▶ _TO DO_
The word "Gold" occurs in some of the lines below; copy each of those lines.

▶ _EXERCISE DATA_
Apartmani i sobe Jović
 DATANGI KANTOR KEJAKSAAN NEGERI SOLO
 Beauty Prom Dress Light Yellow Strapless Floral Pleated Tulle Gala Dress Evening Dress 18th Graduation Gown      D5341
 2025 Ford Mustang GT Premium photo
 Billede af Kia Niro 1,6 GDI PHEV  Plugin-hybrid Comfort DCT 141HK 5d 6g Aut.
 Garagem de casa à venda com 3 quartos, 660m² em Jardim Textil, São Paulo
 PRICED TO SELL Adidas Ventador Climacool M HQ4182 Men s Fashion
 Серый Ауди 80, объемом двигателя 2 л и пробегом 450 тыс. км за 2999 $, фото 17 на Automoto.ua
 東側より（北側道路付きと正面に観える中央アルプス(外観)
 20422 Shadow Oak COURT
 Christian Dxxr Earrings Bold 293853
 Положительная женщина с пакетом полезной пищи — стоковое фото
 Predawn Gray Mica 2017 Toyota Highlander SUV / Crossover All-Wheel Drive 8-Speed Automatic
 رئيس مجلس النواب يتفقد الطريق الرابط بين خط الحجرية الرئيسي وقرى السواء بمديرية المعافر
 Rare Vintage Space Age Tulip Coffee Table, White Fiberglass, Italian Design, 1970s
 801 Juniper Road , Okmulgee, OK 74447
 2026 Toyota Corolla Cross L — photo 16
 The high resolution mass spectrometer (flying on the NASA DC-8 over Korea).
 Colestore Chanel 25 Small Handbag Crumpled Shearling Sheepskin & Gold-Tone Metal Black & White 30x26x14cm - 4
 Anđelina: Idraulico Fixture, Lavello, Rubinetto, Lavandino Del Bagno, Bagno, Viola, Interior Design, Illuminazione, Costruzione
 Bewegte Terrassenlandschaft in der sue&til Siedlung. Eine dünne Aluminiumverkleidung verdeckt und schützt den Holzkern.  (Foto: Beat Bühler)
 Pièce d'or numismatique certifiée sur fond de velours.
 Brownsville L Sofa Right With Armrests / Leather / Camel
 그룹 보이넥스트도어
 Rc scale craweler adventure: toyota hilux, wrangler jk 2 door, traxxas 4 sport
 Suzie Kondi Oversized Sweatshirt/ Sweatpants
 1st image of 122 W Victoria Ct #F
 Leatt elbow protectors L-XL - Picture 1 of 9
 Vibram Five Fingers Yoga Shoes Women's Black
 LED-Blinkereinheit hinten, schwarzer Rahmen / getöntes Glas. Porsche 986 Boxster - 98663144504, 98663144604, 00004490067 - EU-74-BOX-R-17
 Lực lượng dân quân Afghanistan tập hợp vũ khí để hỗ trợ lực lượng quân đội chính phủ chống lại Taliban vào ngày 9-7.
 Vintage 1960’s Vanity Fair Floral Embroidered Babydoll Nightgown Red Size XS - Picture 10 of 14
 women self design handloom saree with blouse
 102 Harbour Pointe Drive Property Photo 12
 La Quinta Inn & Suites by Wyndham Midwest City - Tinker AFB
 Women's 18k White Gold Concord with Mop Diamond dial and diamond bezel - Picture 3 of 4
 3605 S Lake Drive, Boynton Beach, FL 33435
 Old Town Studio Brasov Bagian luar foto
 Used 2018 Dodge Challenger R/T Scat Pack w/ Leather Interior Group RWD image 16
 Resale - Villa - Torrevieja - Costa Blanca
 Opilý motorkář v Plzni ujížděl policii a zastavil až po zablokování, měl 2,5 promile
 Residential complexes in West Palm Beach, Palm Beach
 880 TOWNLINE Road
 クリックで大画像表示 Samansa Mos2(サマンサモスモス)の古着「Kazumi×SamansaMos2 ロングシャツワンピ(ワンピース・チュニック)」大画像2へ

▶ _TASK OUTPUT_
 Colestore Chanel 25 Small Handbag Crumpled Shearling Sheepskin & Gold-Tone Metal Black & White 30x26x14cm - 4
 Women's 18k White Gold Concord with Mop Diamond dial and diamond bezel - Picture 3 of 4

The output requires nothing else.